From d9db73d7a8c152d6958f9e99790f917183192c23 Mon Sep 17 00:00:00 2001
From: Christof Schmitt <cs@samba.org>
Date: Thu, 11 Sep 2014 16:39:21 -0700
Subject: [PATCH 2/2] s3-winbindd: Do not use domain SID from LookupSids for Sids2UnixIDs call

Create a new lsa_RefDomainList and populate it with the domain SID from
the original query. That avoids the problem that for migrated objects,
LookupSids returns the SID of the new domain, and combining that with
the RID from the input results in an invalid SID.

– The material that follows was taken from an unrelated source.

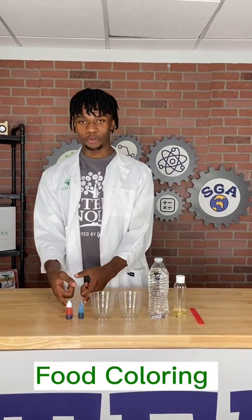For the materials, you'll need a popsicle stick, some vegetable oil, some water, two cups, and some food coloring.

A better fix would be querying the RID of the user in the new domain,
but the approach here at least avoids id mappings entries for invalid
SIDs.

Signed-off-by: Christof Schmitt <cs@samba.org>
Reviewed-by: Volker Lendecke <vl@samba.org>

Autobuild-User(master): Volker Lendecke <vl@samba.org>
Autobuild-Date(master): Mon Sep 29 13:15:18 CEST 2014 on sn-devel-104

(cherry picked from commit 9c9216410faf707edc4ba05f2b715d45f7f51ca4)
---
 source3/winbindd/wb_sids2xids.c |   33 ++++++++++++++++++++++++++++++---
 1 files changed, 30 insertions(+), 3 deletions(-)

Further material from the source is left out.